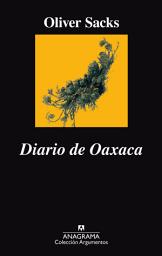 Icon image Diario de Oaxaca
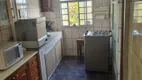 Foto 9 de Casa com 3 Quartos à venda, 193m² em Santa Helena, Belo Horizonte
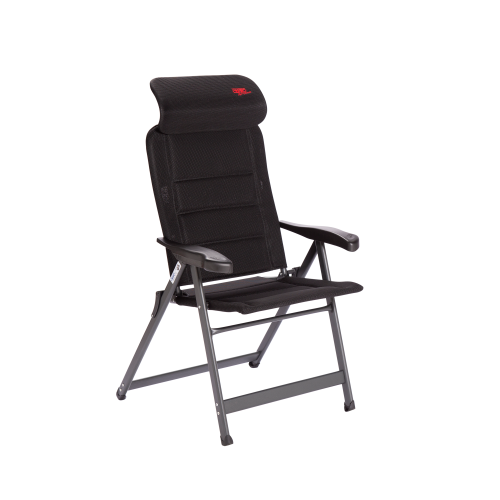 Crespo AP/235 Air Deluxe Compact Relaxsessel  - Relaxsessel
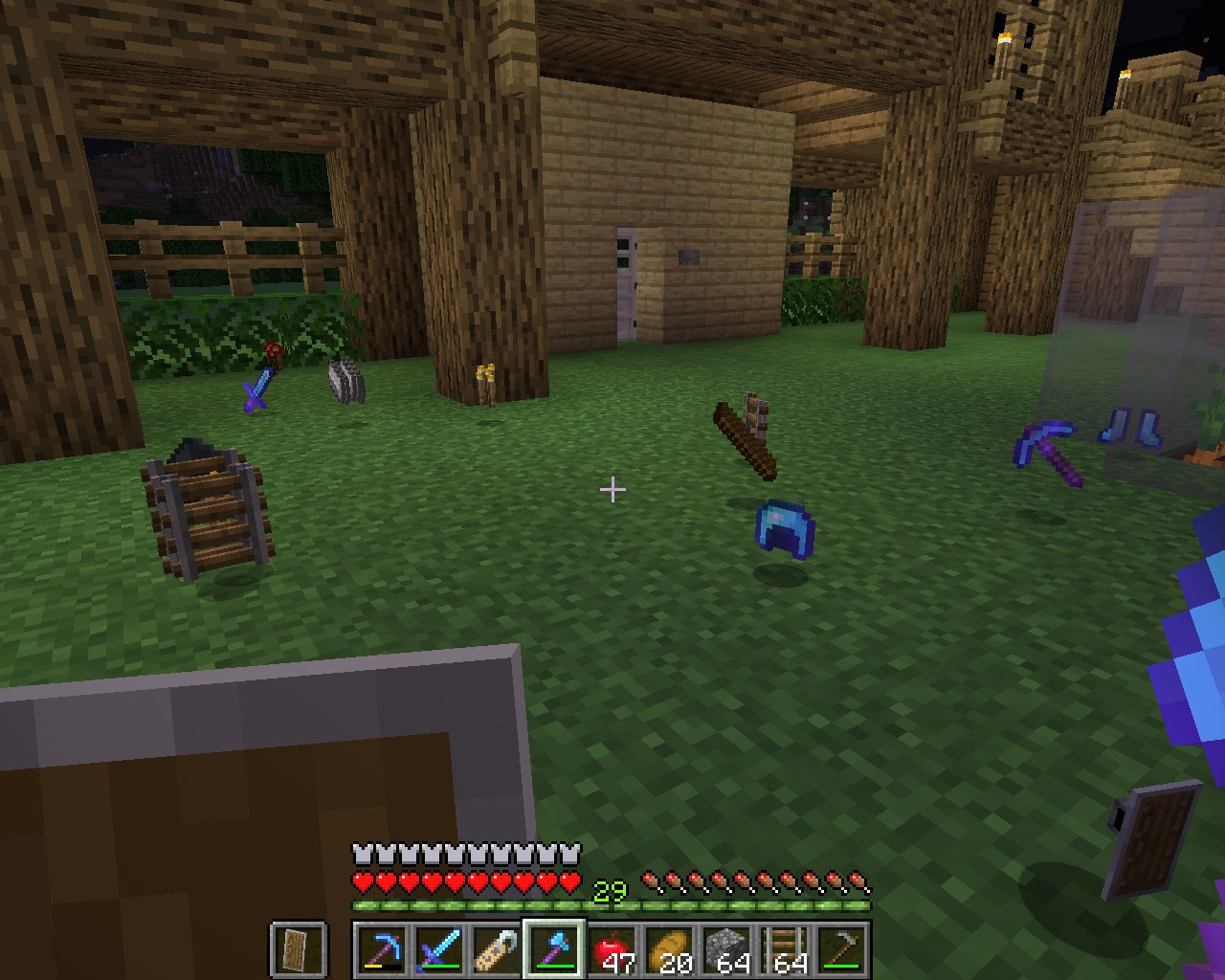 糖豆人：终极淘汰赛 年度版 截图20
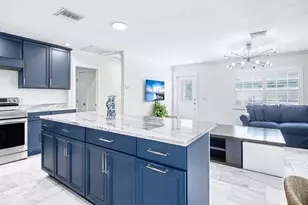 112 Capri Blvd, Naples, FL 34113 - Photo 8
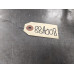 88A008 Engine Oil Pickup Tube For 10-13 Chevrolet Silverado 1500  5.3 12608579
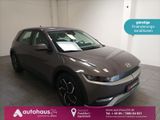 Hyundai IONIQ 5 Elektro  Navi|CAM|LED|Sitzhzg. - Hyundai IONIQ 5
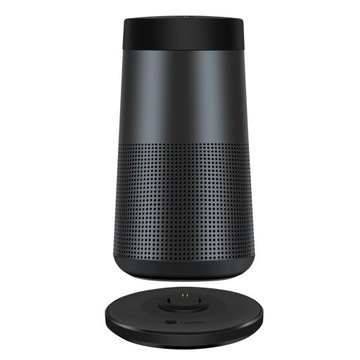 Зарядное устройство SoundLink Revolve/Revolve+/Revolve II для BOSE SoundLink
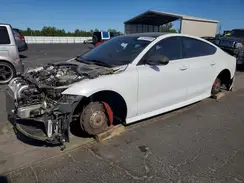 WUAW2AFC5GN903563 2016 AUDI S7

==

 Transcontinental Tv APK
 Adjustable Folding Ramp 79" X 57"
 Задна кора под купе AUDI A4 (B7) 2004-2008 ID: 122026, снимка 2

## What you are asked to do
In the entries above, find the line with "Transcontinental Tv APK" and the line with "Задна кора под", then set down exactly those two and every line between them, nothing else.

## Written solution
 Transcontinental Tv APK
 Adjustable Folding Ramp 79" X 57"
 Задна кора под купе AUDI A4 (B7) 2004-2008 ID: 122026, снимка 2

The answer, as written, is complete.